Nas palavras do autor:

O trabalho jurídico exerce efeitos múltiplos: pela própria força da


codificação, que subtrai as normas à contingência de uma ocasião
particular, ao fixar uma decisão exemplar (um decreto, por exemplo) numa
forma destinada, ela própria, a servir de modelo a decisões ulteriores, e que
autoriza e favorece ao mesmo tempo a lógica do precedente, fundamento
do modo de pensamento e de acção propriamente jurídico, ele liga
continuamente o presente ao passado e dá a garantia de que, salvo
revolução capaz de pôr em causa os próprios fundamentos da ordem
jurídica, o porvir será à imagem do passado e de que as transformações e
as adaptações inevitáveis serão pensadas e ditas na linguagem da
conformidade com o passado. O trabalho jurídico, assim inscrito na lógica
da conservação, constitui um dos fundamentos maiores da manutenção da
ordem simbólica também por outra característica do seu funcionamento:
pela sistematização e pela racionalização a que ele submete as decisões
jurídicas e as regras invocadas para as fundamentar ou as justificar, ele
confere o selo da universalidade, factor por excelência da eficácia simbólica,
a um ponto de vista sobre o mundo social que (...) em nada de decisivo se
opõe ao ponto de vista dos dominantes. E, deste modo, ele pode conduzir à
universalização prática, quer dizer, à generalização nas práticas, de um
modo de acção e de expressão até então próprio de uma região do espaço
geográfico ou do espaço social.

Concluindo, compreende-se que em uma sociedade diferenciada, o efeito da


universalização é um dos mecanismos pelos quais se exerce a dominação
simbólica.
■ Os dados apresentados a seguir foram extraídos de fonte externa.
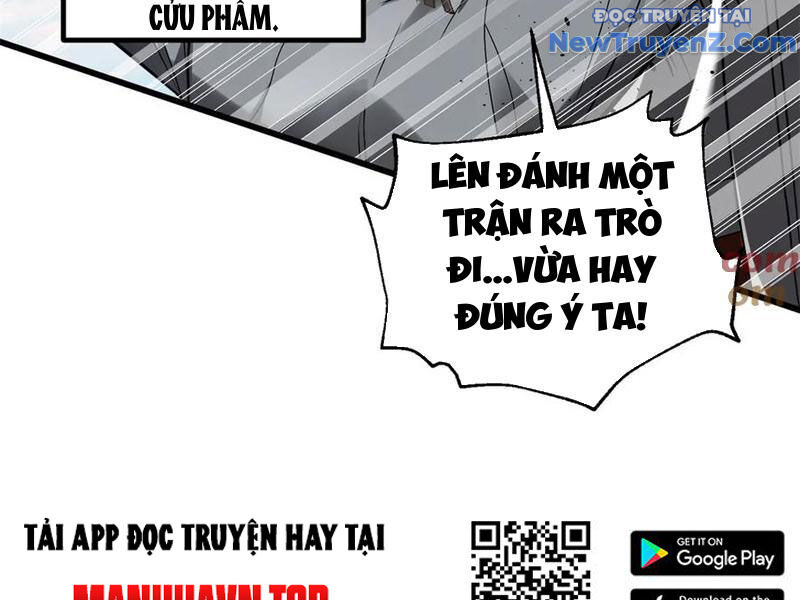 Toàn Cầu Cao Võ Chap 306 - Next Chap 307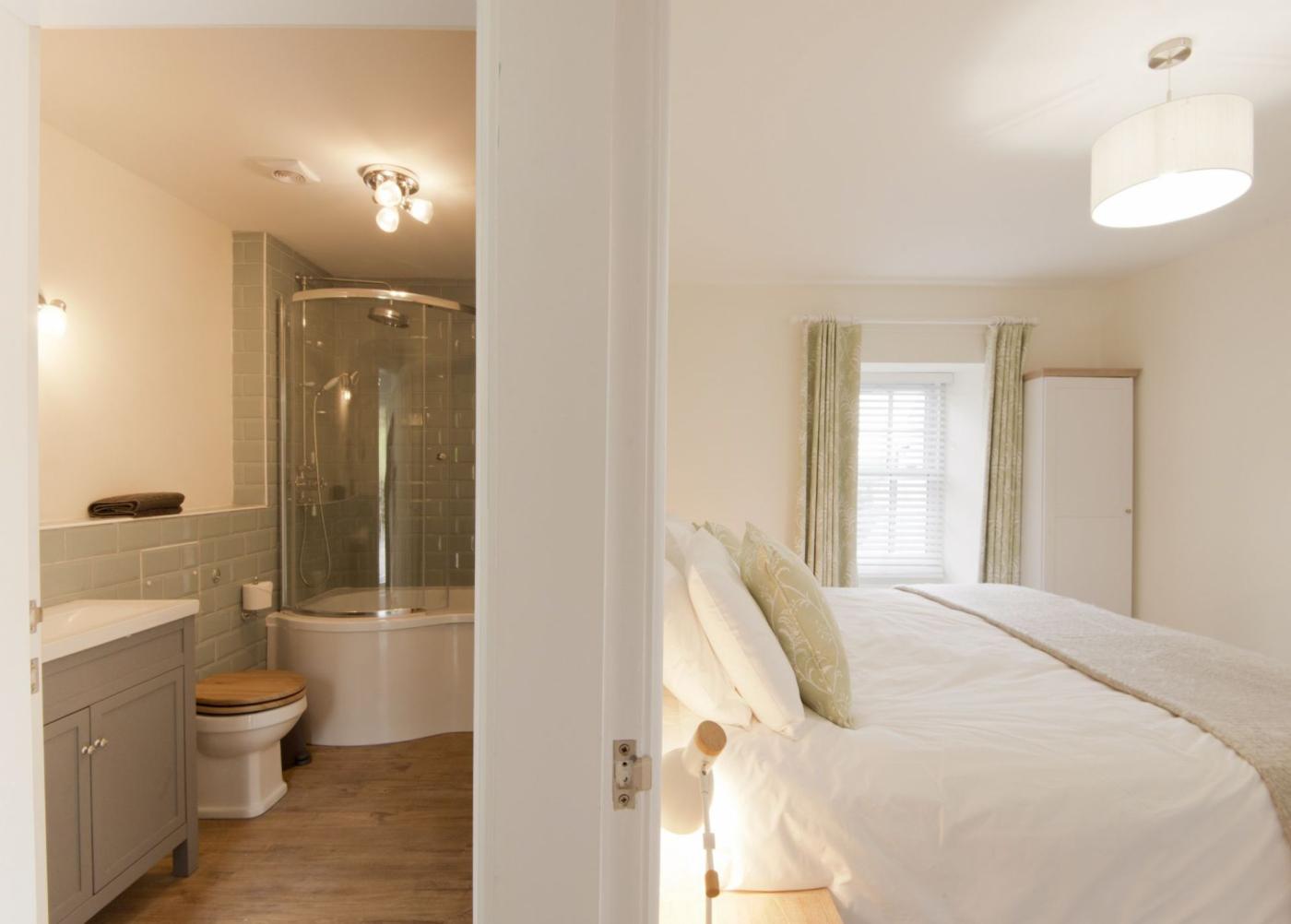 Property image 9 for HC296108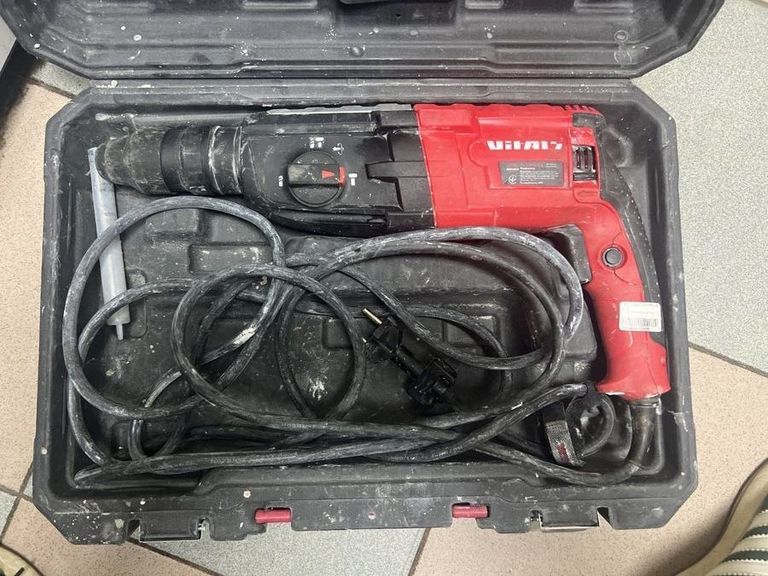 Розпродаж Vitals Ra 2885HBq (140856), продавець Техноскарб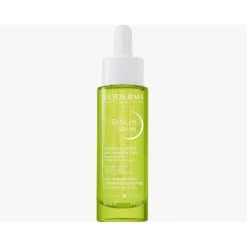 Bioderma - Sébium Serum 30ml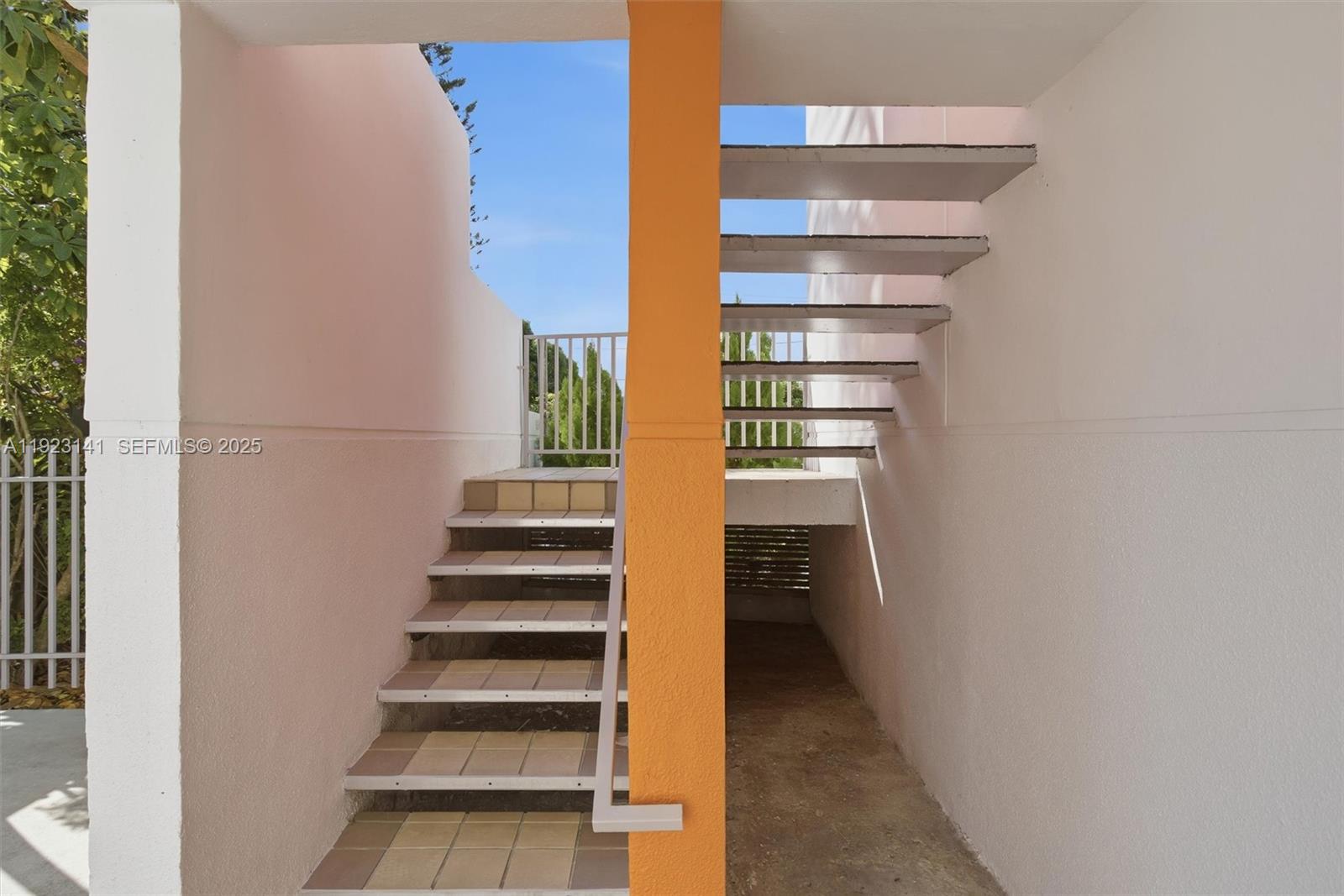 ROSEMOUNT - Residential Income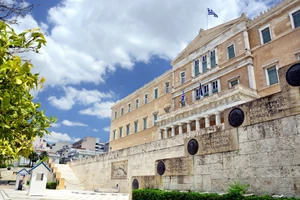 Όλα όσα θα δούμε τον Αύγουστο στο Netflix - εικόνα 1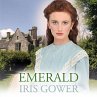 Emerald (MP3-Download) - Bild 1
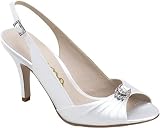 Women's Nina Dyeable Fiore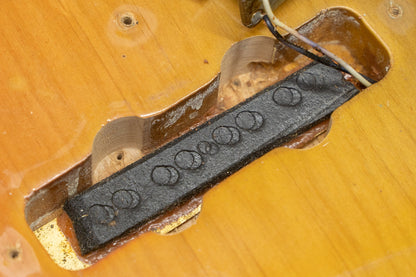 [used] Fender / 1974 Jazz Bass 3TS 4.035kg #590945 [Consignment item] [GIB Yokohama]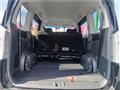 2011 Honda Step WGN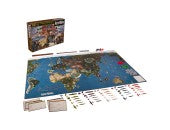 Axis and Allies 1942 Second Edition - for just $68.99! 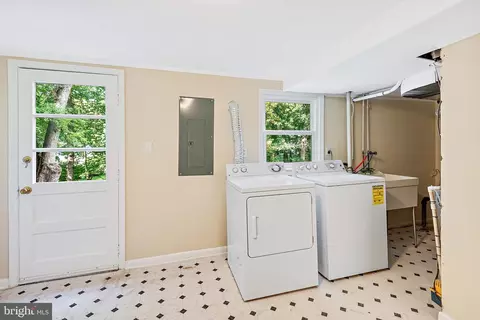 3109 Verona Ct, Silver Spring, MD 20906 photo 47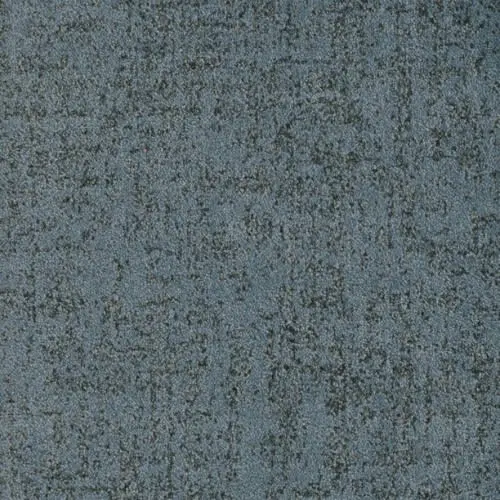 Fabrica Hollywood Nights Evening Sky Carpet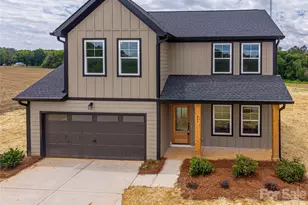 263 Bob Friday Rd, Dallas, NC 28034 - Photo 3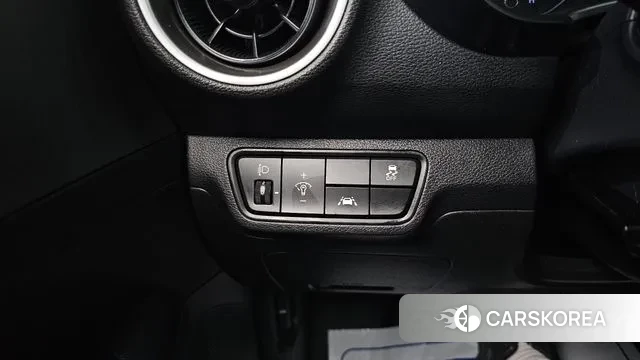 Kia Come New K3 2019 Белый из Кореи, фото 6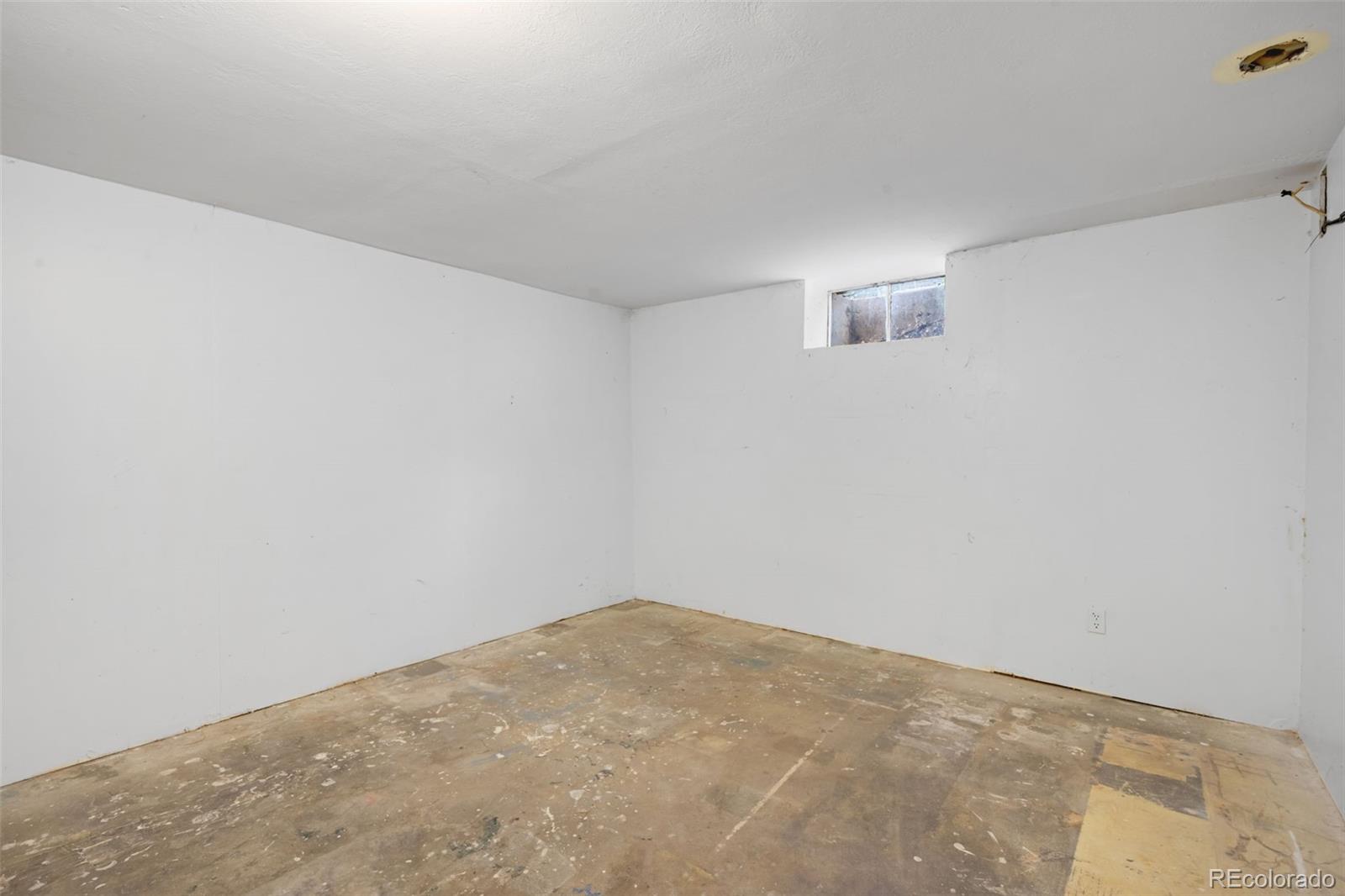 MLS Image #27 for 2815  elm street,denver, Colorado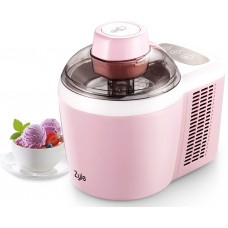 Ice Cream Maker ZY700CM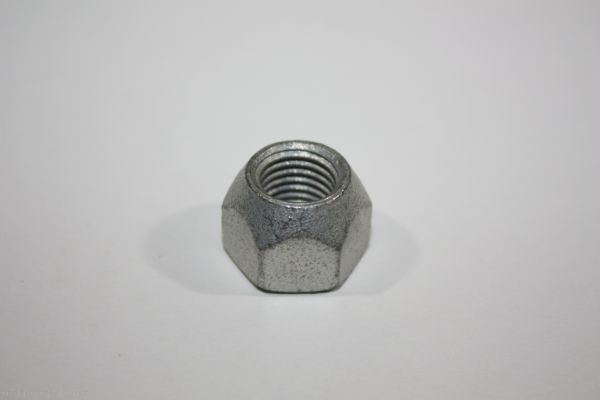 Wheel Nut - 110001710 AUTOMEGA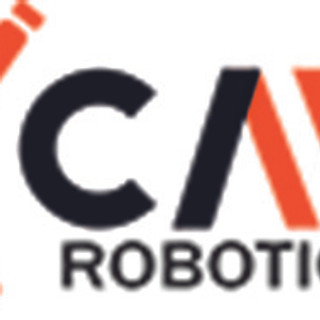 Foto del escritor: CAV Robotics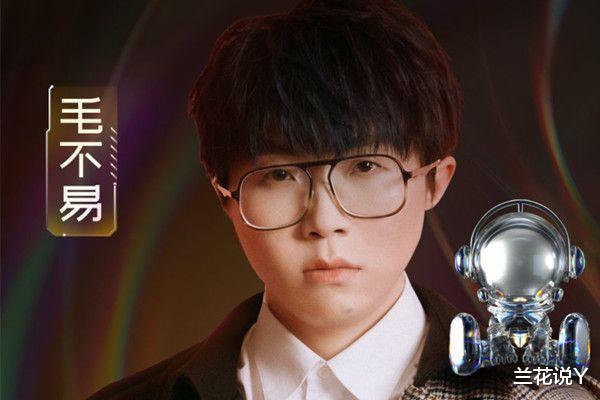 周杰伦|肖战影响力匹敌周杰伦!艺人出场费价码曝光,两人同处第一级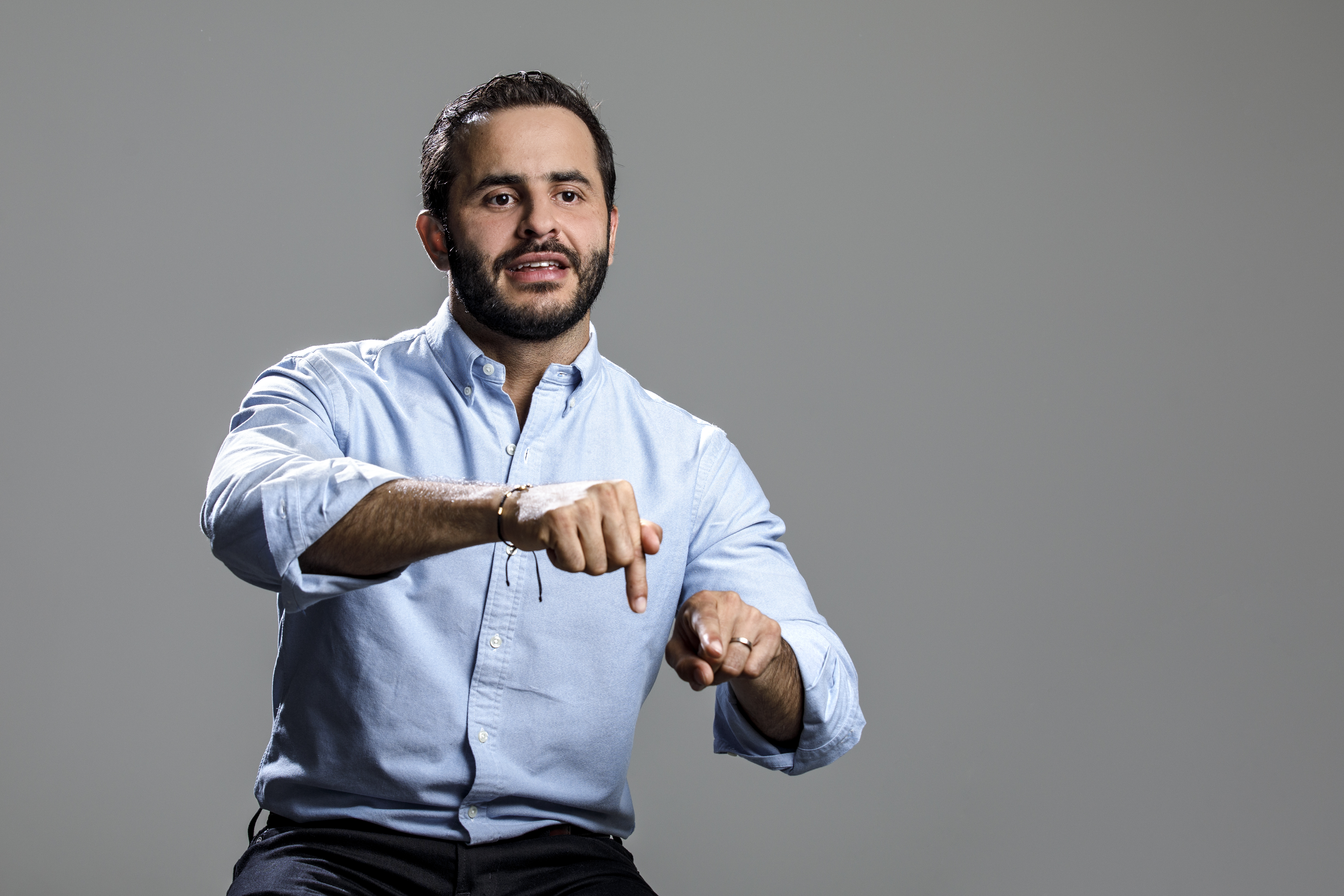 Erasmo Zuleta, Gobernador de Córdoba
A norma jurídica, sob esse prisma, quando consagra em conjunto
formalmente coerente de regras universais os princípios práticos do estilo de vida
simbolicamente dominante, tende a informar as práticas do conjunto dos agentes,
para além das diferenças de condição e de estilo de vida (efeito de
universalização/efeito de normalização), revelando-se o direito como um instrumento
de normalização da vida social por excelência. O direito é, sem dúvida, a forma por
excelência do poder simbólico de nomeação que cria as coisas nomeadas e, em
particular, os grupos; ele confere a estas realidades surgidas das suas operações de
classificação toda a permanência, a das coisas, que uma instituição histórica é
capaz de conferir a instituições históricas. Ainda, o direito é a forma por excelência
do discurso atuante, capaz, por sua própria força, de produzir efeitos. Não é demais
dizer que ele faz o mundo social, mas com a condição de se não esquecer que ele é
feito por este. Cabe ressaltar que tais operações se desenvolvem no âmbito de
estruturas estruturadas, historicamente construídas, que possuem o objetivo de
“construir o mundo”, mas dentro dos limites da sua correspondência com estruturas
preexistentes.

Esta é uma obra de leitura truncada, que me exigiu certa abstração. Porém, é
bem dividida, o que justifica a formatação em tópicos. Sua mensagem é relevante
para todos os estudantes da ciência do direito em sentido lato pois que é realidade
que o direito é um símbolo social cogente que deve ser estudado em forma dialética
– nunca parcialmente aos extremos. Parece-me leitura obrigatória aos graduandos e
profissionais que estudam a sociedade em geral e querem entender, sob a
perspectiva de Bourdieu, o que representa o direito para a sociedade como um todo.